## Work task
From the line containing "Construct Validity Grammar" to the last line of the data below, copy everything exactly and nothing else; pictures stay out.

Top of Material provided

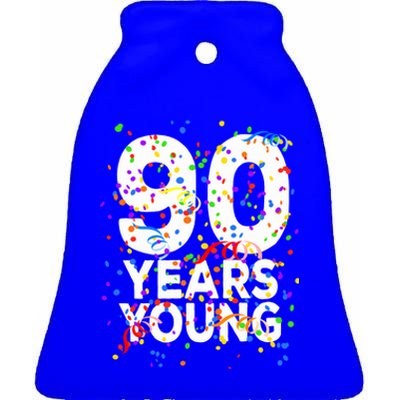 Funny 90 Years Young Happy 90th Birthday Cute Gift Great Gift Ceramic Bell Ornament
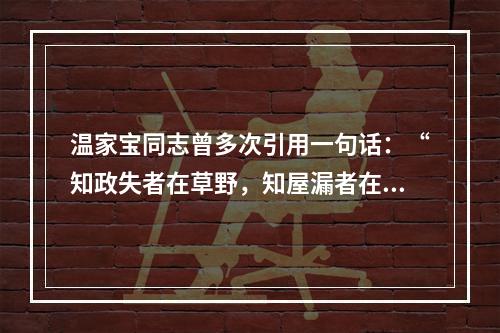 温家宝同志曾多次引用一句话：“知政失者在草野，知屋漏者在宇下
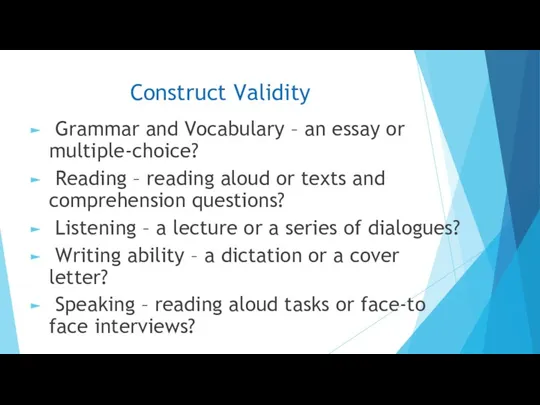 Construct Validity Grammar and Vocabulary – an essay or multiple-choice? Reading – reading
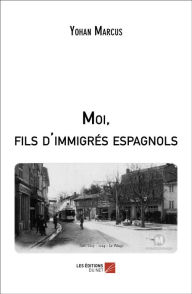 Title: Moi, fils d'immigrés espagnols, Author: Yohan Marcus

Bottom of Material provided

## Written answer
 Construct Validity Grammar and Vocabulary – an essay or multiple-choice? Reading – reading
 Title: Moi, fils d'immigrés espagnols, Author: Yohan Marcus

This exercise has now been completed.